- Wagoner Location within the state of Arizona Wagoner Wagoner (the United States)
- Coordinates: 34°12′49″N 112°32′09″W﻿ / ﻿34.21361°N 112.53583°W
- Country: United States
- State: Arizona
- County: Yavapai
- Elevation: 3,383 ft (1,031 m)
- Time zone: UTC-7 (Mountain (MST))
- • Summer (DST): UTC-7 (MST)
- Area code: 928
- FIPS code: 04-80360
- GNIS feature ID: 35806

= Wagoner, Arizona =

Ghost town in Arizona, United States

Wagoner is a ghost town situated in Yavapai County, Arizona, United States. It has an estimated elevation of 3383 ft above sea level. The town was founded on mining in the early 1800s, but declined by the early 1900s. It once boasted a two-story hotel, a dance hall, a barn, and a general store with a handpump gasoline dispenser. It was a popular spot to take sick children during the summer, to escape the heat of nearby Phoenix. This practice stopped once the railroad was built to nearby Prescott, which was cooler.
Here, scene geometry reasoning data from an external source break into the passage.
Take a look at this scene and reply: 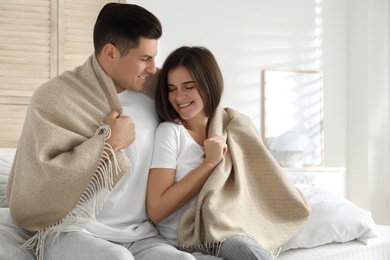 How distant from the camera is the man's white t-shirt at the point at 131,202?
2.12 m

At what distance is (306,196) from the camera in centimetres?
265

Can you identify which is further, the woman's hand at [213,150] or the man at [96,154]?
the woman's hand at [213,150]

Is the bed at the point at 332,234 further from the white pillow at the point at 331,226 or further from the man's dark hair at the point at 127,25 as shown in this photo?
the man's dark hair at the point at 127,25

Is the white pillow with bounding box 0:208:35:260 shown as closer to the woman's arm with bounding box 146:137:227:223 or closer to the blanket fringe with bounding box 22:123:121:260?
the blanket fringe with bounding box 22:123:121:260

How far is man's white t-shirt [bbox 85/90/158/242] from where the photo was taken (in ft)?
6.95

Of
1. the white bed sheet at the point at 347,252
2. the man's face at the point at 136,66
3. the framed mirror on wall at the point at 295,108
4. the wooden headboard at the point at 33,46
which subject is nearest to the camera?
the man's face at the point at 136,66

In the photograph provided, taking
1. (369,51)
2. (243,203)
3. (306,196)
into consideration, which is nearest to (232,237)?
(243,203)

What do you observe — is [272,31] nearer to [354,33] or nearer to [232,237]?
[354,33]

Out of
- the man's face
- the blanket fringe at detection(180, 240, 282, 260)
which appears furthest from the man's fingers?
the blanket fringe at detection(180, 240, 282, 260)

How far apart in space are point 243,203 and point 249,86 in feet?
10.7

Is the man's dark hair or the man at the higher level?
the man's dark hair

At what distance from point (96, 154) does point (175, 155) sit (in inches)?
11.5

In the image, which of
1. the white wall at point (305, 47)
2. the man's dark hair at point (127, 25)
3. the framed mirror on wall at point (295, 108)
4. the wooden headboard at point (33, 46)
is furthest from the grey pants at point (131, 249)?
the framed mirror on wall at point (295, 108)

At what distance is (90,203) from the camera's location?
82.4 inches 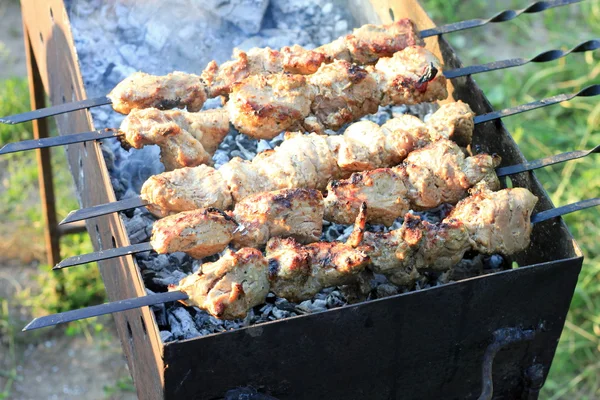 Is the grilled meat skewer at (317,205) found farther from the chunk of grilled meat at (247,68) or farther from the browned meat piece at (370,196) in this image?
the chunk of grilled meat at (247,68)

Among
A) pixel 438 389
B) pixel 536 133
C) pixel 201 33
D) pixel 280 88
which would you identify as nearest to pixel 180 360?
pixel 438 389

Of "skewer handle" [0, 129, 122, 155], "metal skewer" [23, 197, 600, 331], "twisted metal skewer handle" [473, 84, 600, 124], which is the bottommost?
"metal skewer" [23, 197, 600, 331]

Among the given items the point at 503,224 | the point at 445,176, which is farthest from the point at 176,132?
the point at 503,224

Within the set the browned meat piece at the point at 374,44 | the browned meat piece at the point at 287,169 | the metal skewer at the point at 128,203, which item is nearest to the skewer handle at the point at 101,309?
the metal skewer at the point at 128,203

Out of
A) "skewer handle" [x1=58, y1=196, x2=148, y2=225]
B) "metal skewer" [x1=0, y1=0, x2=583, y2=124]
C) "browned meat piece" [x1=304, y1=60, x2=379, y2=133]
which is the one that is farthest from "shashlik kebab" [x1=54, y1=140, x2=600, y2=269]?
"metal skewer" [x1=0, y1=0, x2=583, y2=124]

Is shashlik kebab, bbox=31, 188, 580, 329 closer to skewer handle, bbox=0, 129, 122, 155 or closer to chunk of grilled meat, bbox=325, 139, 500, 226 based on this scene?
chunk of grilled meat, bbox=325, 139, 500, 226

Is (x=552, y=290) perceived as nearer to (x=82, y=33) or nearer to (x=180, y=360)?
(x=180, y=360) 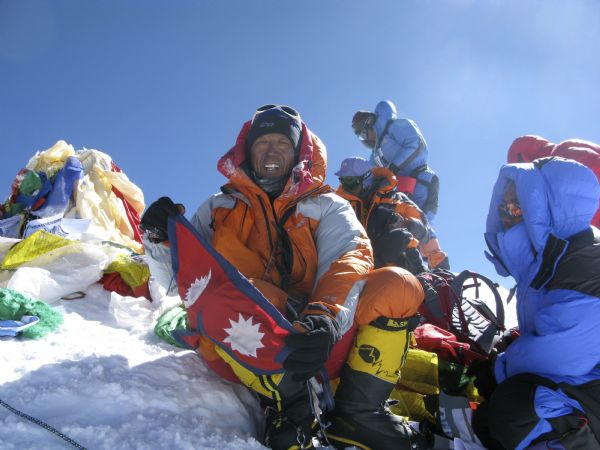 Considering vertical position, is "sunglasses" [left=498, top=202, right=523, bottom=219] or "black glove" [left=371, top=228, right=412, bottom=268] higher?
"sunglasses" [left=498, top=202, right=523, bottom=219]

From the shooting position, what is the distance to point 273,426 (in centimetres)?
164

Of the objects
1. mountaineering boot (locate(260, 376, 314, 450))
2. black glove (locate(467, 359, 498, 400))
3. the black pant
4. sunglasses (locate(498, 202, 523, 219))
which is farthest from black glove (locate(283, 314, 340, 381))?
sunglasses (locate(498, 202, 523, 219))

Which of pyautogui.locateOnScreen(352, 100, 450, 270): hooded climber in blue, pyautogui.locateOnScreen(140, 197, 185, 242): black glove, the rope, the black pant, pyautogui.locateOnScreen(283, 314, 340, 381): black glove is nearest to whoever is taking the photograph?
the rope

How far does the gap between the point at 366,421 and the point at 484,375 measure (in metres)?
0.96

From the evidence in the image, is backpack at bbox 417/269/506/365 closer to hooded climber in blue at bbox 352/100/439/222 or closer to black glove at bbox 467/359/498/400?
black glove at bbox 467/359/498/400

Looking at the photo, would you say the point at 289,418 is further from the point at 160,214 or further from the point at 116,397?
the point at 160,214

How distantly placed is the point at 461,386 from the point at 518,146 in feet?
6.39

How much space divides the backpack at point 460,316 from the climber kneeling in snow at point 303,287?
3.46 ft

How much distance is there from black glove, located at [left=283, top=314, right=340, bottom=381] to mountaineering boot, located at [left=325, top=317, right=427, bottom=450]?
0.96 feet

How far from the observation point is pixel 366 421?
5.70 feet

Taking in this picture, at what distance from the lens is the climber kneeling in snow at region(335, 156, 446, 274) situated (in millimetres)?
4070

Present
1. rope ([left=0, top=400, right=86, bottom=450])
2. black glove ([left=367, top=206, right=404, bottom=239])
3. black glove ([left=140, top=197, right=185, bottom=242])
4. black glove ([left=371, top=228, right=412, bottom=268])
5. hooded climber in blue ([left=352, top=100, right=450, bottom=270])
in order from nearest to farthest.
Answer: rope ([left=0, top=400, right=86, bottom=450]) → black glove ([left=140, top=197, right=185, bottom=242]) → black glove ([left=371, top=228, right=412, bottom=268]) → black glove ([left=367, top=206, right=404, bottom=239]) → hooded climber in blue ([left=352, top=100, right=450, bottom=270])

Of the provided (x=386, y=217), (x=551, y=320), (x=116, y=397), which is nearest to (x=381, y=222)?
(x=386, y=217)

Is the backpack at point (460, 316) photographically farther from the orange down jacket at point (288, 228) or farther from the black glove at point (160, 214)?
the black glove at point (160, 214) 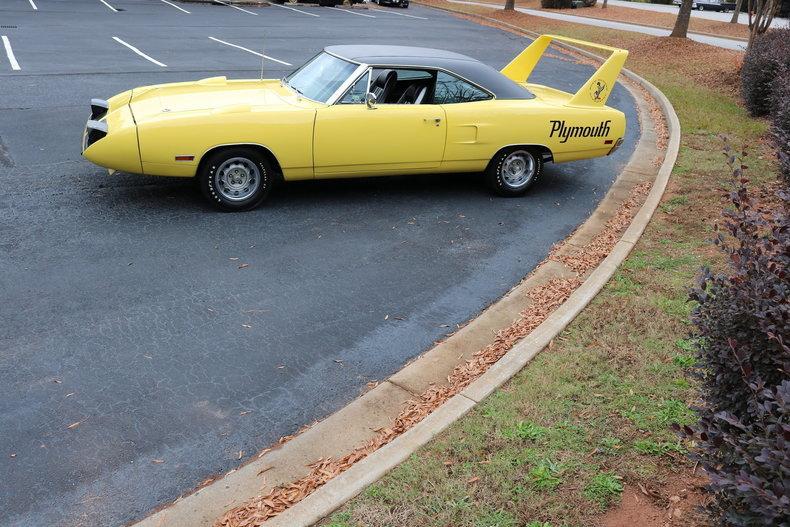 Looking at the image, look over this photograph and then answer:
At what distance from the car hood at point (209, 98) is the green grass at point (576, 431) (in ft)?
12.2

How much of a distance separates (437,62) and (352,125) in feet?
4.37

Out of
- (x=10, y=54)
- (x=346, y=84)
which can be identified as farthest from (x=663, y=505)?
(x=10, y=54)

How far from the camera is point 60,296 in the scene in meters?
5.31

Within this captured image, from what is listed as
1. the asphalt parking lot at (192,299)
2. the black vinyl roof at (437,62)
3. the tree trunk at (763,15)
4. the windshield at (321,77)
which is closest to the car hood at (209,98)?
the windshield at (321,77)

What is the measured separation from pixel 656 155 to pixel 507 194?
10.6 feet

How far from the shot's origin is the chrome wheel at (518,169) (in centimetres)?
805

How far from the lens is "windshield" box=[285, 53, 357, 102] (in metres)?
7.27

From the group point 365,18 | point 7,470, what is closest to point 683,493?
point 7,470

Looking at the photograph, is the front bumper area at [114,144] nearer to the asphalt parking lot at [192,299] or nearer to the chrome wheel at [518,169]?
the asphalt parking lot at [192,299]

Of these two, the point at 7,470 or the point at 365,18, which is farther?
the point at 365,18

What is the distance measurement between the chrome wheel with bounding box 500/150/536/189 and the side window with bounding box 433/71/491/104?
2.59 feet

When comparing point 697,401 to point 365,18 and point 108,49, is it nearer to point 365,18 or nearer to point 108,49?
point 108,49

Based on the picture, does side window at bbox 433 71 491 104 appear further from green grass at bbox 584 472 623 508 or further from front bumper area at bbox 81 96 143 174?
green grass at bbox 584 472 623 508

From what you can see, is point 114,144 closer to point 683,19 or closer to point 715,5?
point 683,19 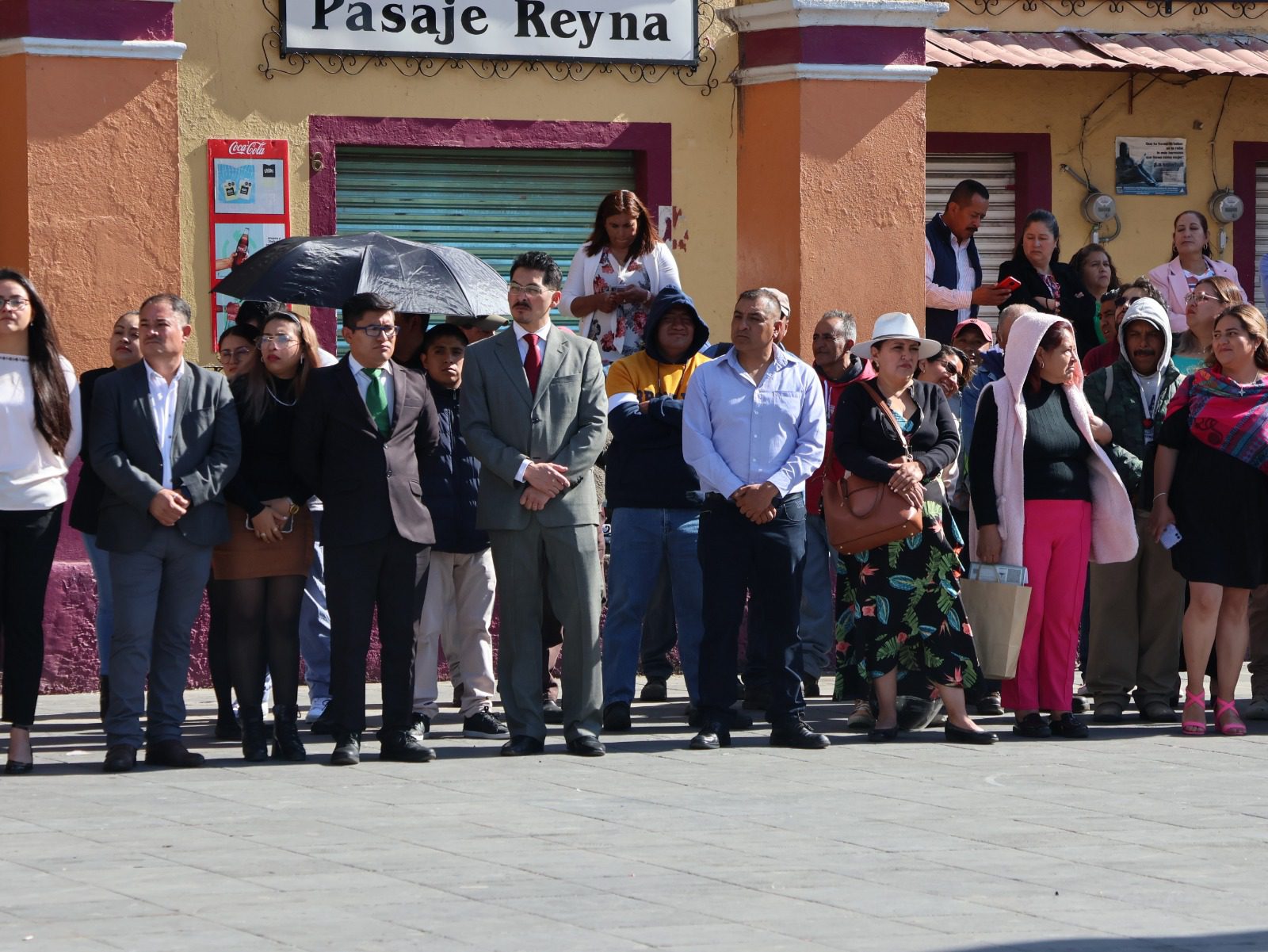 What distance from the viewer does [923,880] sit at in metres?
6.70

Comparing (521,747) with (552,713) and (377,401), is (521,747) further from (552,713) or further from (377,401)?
(377,401)

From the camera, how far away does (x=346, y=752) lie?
904 cm

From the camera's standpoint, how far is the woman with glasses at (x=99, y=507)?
31.6 ft

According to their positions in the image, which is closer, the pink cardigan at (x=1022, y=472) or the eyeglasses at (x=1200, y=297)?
the pink cardigan at (x=1022, y=472)

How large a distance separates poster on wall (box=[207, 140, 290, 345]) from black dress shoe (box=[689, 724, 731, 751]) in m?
4.30

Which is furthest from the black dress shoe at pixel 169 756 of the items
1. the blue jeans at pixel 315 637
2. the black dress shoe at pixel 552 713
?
the black dress shoe at pixel 552 713

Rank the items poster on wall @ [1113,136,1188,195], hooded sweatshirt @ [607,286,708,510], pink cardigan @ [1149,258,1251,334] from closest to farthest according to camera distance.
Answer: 1. hooded sweatshirt @ [607,286,708,510]
2. pink cardigan @ [1149,258,1251,334]
3. poster on wall @ [1113,136,1188,195]

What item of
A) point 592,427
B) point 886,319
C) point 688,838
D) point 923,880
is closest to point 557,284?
point 592,427

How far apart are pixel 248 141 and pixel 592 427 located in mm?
4071

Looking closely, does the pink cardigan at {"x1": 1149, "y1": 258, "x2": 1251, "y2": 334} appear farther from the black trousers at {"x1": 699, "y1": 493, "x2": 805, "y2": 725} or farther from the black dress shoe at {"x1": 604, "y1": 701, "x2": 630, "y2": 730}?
the black dress shoe at {"x1": 604, "y1": 701, "x2": 630, "y2": 730}

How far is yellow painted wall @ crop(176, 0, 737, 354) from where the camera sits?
40.8 feet

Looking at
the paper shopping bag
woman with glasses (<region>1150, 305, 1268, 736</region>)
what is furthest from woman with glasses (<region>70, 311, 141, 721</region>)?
woman with glasses (<region>1150, 305, 1268, 736</region>)

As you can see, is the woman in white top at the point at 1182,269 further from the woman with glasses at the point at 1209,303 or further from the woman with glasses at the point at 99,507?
the woman with glasses at the point at 99,507

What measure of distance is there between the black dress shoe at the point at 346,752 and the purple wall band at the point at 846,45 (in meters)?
5.58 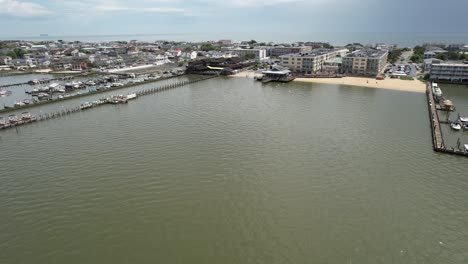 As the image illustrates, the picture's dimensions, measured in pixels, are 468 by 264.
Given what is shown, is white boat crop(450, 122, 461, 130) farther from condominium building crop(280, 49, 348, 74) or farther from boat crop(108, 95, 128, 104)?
boat crop(108, 95, 128, 104)

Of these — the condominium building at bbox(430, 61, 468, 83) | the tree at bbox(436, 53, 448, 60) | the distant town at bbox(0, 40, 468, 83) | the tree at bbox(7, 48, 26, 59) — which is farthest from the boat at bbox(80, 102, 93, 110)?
the tree at bbox(436, 53, 448, 60)

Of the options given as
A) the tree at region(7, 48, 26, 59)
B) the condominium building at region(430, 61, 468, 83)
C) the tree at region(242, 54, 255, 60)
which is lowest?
the condominium building at region(430, 61, 468, 83)

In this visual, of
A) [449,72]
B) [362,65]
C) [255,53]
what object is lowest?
[449,72]

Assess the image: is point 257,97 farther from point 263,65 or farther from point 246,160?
point 263,65

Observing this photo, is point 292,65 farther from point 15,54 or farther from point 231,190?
point 15,54

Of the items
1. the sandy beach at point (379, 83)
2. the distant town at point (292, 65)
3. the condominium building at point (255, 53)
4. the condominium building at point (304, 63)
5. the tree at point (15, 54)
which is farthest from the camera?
the condominium building at point (255, 53)

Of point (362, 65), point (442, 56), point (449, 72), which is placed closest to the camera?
point (449, 72)

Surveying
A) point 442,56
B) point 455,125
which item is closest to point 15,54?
point 455,125

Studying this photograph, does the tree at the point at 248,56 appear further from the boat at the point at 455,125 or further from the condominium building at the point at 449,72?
the boat at the point at 455,125

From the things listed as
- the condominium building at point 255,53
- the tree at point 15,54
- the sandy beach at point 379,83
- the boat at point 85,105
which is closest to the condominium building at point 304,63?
the sandy beach at point 379,83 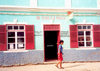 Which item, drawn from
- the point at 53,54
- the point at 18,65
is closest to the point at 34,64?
the point at 18,65

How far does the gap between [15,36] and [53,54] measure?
400 centimetres

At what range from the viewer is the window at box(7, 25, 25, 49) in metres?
9.55

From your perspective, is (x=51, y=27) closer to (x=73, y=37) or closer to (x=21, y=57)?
(x=73, y=37)

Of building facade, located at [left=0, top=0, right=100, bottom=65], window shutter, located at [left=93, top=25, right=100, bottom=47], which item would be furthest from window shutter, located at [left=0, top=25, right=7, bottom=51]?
window shutter, located at [left=93, top=25, right=100, bottom=47]

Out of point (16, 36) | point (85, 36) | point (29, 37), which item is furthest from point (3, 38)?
point (85, 36)

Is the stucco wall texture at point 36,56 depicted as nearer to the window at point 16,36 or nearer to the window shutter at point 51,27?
the window at point 16,36

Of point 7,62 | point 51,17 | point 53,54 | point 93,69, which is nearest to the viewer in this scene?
point 93,69

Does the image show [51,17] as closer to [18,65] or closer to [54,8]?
[54,8]

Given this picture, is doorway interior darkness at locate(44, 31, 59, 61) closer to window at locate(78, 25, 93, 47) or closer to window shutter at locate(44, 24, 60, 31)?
window shutter at locate(44, 24, 60, 31)

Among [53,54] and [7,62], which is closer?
[7,62]

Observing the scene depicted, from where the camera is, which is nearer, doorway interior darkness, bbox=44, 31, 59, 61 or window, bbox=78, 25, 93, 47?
window, bbox=78, 25, 93, 47

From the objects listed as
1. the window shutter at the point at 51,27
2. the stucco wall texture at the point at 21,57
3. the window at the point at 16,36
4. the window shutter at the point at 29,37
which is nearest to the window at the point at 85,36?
the window shutter at the point at 51,27

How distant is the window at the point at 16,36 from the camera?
9555 millimetres

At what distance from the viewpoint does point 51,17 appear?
9945mm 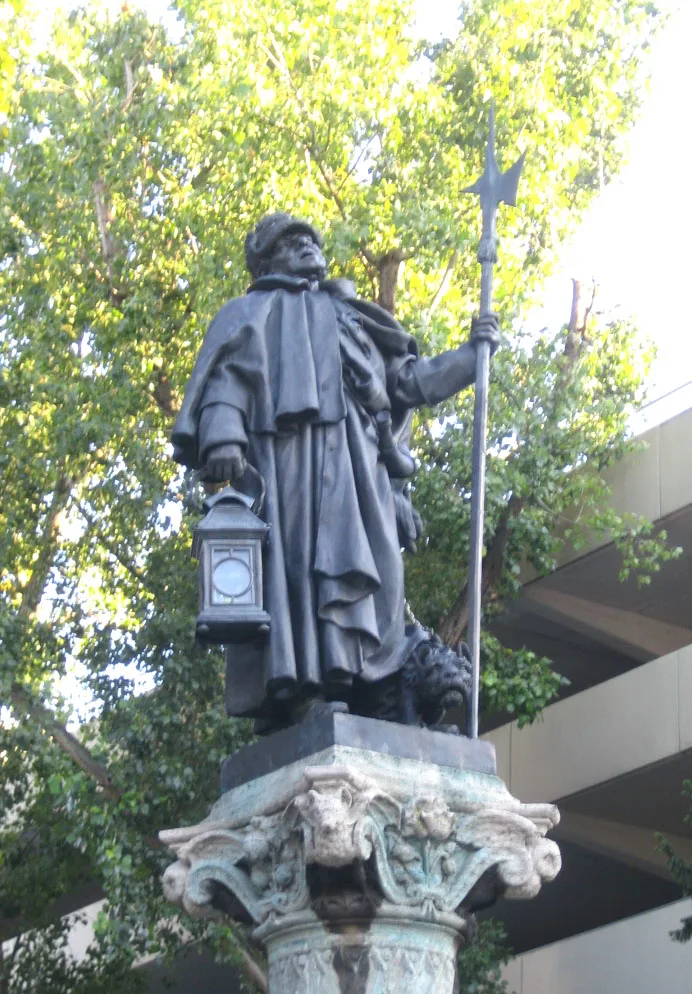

In 1890, the town narrowly avoided the Walnut Grove dam collapse, but the workers who died in its collapse are buried in the town cemetery. Its hotel burned down in 1942, and the dance hall followed suit in 1948. What remained of the town was bulldozed in 1997. The only visible remaining structures are various graves, and the gas tank of the general store. It was named after Ed Wagoner, who founded the town. The post office was established in 1893.

==Education==
Wagoner is in Kirkland Elementary School District. As of 1976 the Prescott Unified School District takes secondary students from the district, as it is required to under law. The Prescott district operates Prescott High School.